Way back on October 5th, a Sunday, we had a frost warning. I had a shift at the Shelburne Arts Co-op that day, so my time for gardening was limited. In the morning I went over to the garden at Bramble Hill to assess the situation and do triage. I decided to go back to the garden after my shift to cover the Japanese indigo plants because I was hoping to nurse them along for a while to let the seed mature. More on that later.
I did not think it would be possible to cover the hugely tall weld plants, and I could also tell that plenty of seeds had matured on the weld already. I think I have written about this before, but just as a refresher I will remind readers that weld flowers keep growing off of the same stalk throughout the season. At harvest time, the tips will still be in bloom while the oldest seed heads at the base of the flower stalk will be mature. Only black weld seeds are viable. Every other color of seed, from brown to yellow, gets tossed in with the flowering tops, leaves, and stalks for the dye pot.
So, that morning I clipped off the most mature-looking seed heads and put them in a brown paper bag to dry. I cut down all the plants that had bolted, tossed them in the van, and drove to the co-op. The weld basically filled up the van. Well, it filled up the part that wasn’t already full of flax. The plants stayed in the van for a couple days until Matthew declared them too stinky. I am inured to many strong smells, and weld is no exception. To me it smells like asparagus. I think it’s a nice smell, usually. One year my crop smelled like cat pee as it dried. That was intense. Matthew thinks it smells like pee after you’ve eaten asparagus. Strong, weird, and worrisome until you remember that you ate asparagus. I’m not sure if I’ve ever mentioned this, but we are a one-car (or one-van) household, so obviously the weld had to dry elsewhere.
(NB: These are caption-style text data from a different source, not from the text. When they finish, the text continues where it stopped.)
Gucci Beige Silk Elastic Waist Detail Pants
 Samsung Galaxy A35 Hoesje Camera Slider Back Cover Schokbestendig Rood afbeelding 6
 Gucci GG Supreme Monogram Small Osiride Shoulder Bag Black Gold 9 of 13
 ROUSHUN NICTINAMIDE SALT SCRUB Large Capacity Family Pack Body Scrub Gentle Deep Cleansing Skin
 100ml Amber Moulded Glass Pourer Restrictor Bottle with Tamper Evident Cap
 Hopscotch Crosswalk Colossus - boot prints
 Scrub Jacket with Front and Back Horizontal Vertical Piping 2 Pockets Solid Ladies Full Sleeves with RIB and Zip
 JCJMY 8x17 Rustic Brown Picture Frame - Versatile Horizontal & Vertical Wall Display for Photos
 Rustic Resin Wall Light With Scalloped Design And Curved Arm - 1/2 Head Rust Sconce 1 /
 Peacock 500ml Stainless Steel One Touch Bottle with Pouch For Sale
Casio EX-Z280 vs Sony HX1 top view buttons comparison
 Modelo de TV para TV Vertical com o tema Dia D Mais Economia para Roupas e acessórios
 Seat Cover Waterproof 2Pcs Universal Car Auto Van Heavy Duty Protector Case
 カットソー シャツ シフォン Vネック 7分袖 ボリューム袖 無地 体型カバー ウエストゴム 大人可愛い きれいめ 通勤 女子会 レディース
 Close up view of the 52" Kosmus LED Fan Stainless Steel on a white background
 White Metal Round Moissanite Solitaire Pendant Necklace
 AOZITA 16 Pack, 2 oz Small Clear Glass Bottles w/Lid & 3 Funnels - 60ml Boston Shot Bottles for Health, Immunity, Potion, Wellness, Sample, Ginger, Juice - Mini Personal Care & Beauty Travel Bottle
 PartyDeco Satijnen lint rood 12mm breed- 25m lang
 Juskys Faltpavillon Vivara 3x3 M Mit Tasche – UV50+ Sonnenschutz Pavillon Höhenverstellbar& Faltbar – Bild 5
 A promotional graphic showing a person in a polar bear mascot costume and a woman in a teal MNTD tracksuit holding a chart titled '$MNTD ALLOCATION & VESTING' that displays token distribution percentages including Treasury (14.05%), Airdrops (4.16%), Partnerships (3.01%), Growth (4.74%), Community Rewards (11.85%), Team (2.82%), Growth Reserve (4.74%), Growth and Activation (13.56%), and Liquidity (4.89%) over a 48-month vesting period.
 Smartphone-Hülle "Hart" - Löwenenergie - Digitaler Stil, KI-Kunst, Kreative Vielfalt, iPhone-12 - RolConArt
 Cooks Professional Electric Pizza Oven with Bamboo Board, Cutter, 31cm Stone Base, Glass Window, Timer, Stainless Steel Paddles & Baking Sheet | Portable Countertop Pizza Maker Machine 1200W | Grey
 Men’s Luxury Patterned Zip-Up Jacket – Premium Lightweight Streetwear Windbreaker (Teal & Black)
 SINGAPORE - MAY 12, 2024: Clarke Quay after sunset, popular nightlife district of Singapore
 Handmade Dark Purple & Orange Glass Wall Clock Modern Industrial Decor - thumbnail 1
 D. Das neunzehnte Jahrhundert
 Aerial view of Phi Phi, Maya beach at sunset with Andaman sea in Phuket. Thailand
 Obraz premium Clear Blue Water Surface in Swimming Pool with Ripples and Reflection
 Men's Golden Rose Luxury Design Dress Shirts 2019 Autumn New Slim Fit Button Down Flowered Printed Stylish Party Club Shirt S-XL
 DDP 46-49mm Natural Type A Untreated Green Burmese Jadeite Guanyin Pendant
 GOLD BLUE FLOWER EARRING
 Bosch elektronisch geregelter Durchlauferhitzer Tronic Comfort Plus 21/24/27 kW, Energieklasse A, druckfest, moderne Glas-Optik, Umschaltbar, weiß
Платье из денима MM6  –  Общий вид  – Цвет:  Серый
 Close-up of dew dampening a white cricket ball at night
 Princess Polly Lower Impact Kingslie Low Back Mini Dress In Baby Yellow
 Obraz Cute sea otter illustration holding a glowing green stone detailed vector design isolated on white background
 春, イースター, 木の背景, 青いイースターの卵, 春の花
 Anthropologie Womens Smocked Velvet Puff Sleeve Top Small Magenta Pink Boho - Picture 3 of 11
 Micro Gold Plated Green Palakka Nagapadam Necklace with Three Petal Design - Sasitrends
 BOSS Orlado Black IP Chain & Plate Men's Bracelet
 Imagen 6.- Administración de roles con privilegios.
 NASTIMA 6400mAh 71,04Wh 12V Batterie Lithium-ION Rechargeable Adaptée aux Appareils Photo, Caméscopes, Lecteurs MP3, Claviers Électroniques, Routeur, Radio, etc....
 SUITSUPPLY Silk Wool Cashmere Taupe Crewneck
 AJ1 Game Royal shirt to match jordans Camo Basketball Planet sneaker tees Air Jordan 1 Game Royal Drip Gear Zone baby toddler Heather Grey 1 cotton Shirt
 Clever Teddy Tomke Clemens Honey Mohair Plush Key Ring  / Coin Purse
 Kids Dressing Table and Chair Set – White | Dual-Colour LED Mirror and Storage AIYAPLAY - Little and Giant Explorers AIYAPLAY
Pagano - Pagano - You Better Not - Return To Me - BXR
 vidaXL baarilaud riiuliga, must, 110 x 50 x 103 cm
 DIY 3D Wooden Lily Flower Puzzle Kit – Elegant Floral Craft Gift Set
We don’t have a lot of space at our apartment, so drying options were limited. I moved the weld from the van into the “crafts room” where my loom is. It took up a good portion of the room. However, the door can shut and the windows can be opened, and the weld dried pretty well in there without contaminating the rest of the apartment with stinkiness.
Here I am holding the harvest after it has dried and shrunk down quite a bit, two weeks after harvest. You can see the delicate yellow flowering tips at the ends of some of the stalks.
I will have a lot of seed from this harvest. I used to think that you had to direct-seed weld. I’d read that it didn’t like to be transplanted because it has a long taproot. It is frustrating to plant it directly into the ground because germination is uneven and it takes a really long time. It’s not easy to keep the seed bed moist over days and weeks while the seeds germinate (or don’t), so for many years I found weld kind of tricky to grow.
However, I have discovered that it transplants just fine. I grew a lot of seedlings this summer, which I transplanted at our Amethyst Brook garden plot this fall. I put them in the bed we had used for red onions. This is the kind of “crop rotation” we can manage in a small garden plot. I didn’t think weld would suffer from any of the same pests as alliums, though I’m not positive about this. Transplanting the seedlings that actually germinate is much more efficient and much less of a waste of time. With luck, I will have a giant crop next year. Yellow, anyone?